Lembram-se de Mark Rothko (na Pincelada Ensaio sobre que cegueira?) berrando apopleticamente, ao contemplar o escarlate que lhe cobria toda a tela

Rothko, Untitled (Seagram mural sketch,) 1959

--- E vermelho! E vermelho! E vermelho! Eu não sei o que isso quer dizer! O que quer dizer “vermelho” para mim?

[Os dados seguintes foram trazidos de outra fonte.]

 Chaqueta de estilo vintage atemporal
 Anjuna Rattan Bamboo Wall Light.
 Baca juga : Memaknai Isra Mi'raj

Graças ao bê-a-bá cromático de Kandinsky, posso agora iluminar o Sr. Rothko, esclarecendo-lhe que o vermelho, “um borbulhar em si mesmo”, é cor quente que, “transbordante de vida, ardente, agitada, efervescente”, conota “força, impetuosidade, energia, decisão, alegria, triunfo”, soando com a impertinência estridente de “uma fanfarra” dominada pelos agudos de histéricas trombetas. (Não é que a carapuça do vermelho serviu a caráter para o ego inflado e inflamado de Rothko?)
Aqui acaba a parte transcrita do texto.